= Alex Barr =

Scottish financier and politician

Alex Barr is a Scottish financier and Alderman representing Cordwainer Ward in the City of London. Prior to this he served as a Common Councilman, also in Cordwainer Ward.

Barr attended Queen Anne High School in Dunfermline, Fife and subsequently the University of Aberdeen. He started his career in investment management in Edinburgh, with Franklin Templeton. In 1995 he joined Henderson Investors, now Janus Henderson, on their US Equities desk. He later joined Morgan Grenfell, (which became Deutsche Asset Management and is now known as DWS), where he was a fund manager and led the oversight of their Multi Asset portfolios.

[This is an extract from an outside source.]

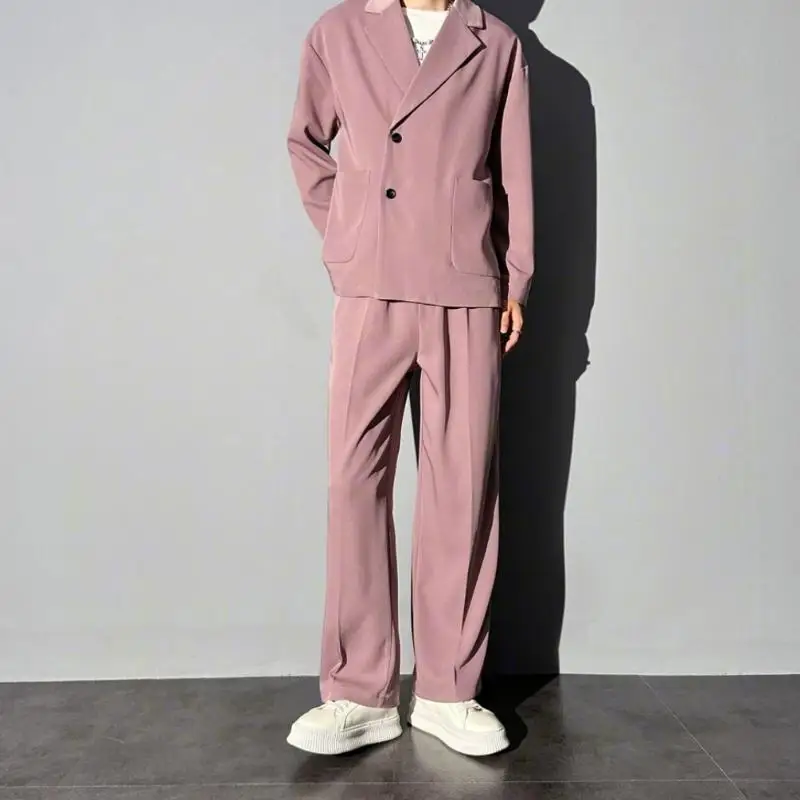 3-A122 Ryder's Matching Ice Berry Pink Suit suit Casual Ruffian Handsome Men's Light Mature Style Loose Two-Piece Suit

The business was taken over in 2005 by Aberdeen Asset Management (now abrdn), for whom Barr was Head of Private Equity and co-head of their European Private Equity Portfolio Management Team. He subsequently formed the investment management business Bread Street Capital Partners, which became Sarasin Bread Street and is part of City of London based investment management firm Sarasin & Partners LLP, where Barr is a partner.

==Bramdean Alternatives==
Bramdean Alternatives was an investment company formerly run by Nicola Horlick which got caught up in the Madoff investment scandal. Following this in June 2009 Vincent Tchenguiz utilised his investment company Elsina to seize control at an Extraordinary General Meeting. Subsequently in November 2009 Horlick lost control of Bramdean Alternatives as the investment management contract with her Bramdean Asset Management business was acquired by Aberdeen Asset Management. Barr was then responsible for rebranding the company as Aberdeen Private Equity and taking over the running of it.